Segment Start: Data shown

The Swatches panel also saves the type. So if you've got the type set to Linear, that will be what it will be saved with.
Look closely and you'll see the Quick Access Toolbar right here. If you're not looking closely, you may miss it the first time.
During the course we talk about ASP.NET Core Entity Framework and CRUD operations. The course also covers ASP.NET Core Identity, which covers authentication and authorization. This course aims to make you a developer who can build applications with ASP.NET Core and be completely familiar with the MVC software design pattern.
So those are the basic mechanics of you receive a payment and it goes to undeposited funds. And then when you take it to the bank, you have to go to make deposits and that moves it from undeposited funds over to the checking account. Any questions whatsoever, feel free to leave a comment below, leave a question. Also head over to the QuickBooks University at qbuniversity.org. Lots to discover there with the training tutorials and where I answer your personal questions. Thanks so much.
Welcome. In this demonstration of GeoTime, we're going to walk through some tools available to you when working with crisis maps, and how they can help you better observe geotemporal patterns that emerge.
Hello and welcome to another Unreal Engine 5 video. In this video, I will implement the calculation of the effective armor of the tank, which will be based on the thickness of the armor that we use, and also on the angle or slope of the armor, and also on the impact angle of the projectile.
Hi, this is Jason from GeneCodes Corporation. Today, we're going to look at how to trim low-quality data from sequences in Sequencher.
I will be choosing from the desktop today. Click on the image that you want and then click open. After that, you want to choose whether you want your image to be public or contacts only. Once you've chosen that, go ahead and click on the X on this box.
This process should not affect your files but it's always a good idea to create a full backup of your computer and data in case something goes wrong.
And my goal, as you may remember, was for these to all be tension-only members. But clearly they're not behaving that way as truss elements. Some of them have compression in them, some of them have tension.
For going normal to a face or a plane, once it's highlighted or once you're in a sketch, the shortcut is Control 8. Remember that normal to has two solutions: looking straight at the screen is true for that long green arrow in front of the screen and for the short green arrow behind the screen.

Segment End: Data shown

Task requirements: From the data above, return every line from the line that has "Hello and welcome" up to and including the line that has "And my goal, as", exactly.

Result for this exercise:
Hello and welcome to another Unreal Engine 5 video. In this video, I will implement the calculation of the effective armor of the tank, which will be based on the thickness of the armor that we use, and also on the angle or slope of the armor, and also on the impact angle of the projectile.
Hi, this is Jason from GeneCodes Corporation. Today, we're going to look at how to trim low-quality data from sequences in Sequencher.
I will be choosing from the desktop today. Click on the image that you want and then click open. After that, you want to choose whether you want your image to be public or contacts only. Once you've chosen that, go ahead and click on the X on this box.
This process should not affect your files but it's always a good idea to create a full backup of your computer and data in case something goes wrong.
And my goal, as you may remember, was for these to all be tension-only members. But clearly they're not behaving that way as truss elements. Some of them have compression in them, some of them have tension.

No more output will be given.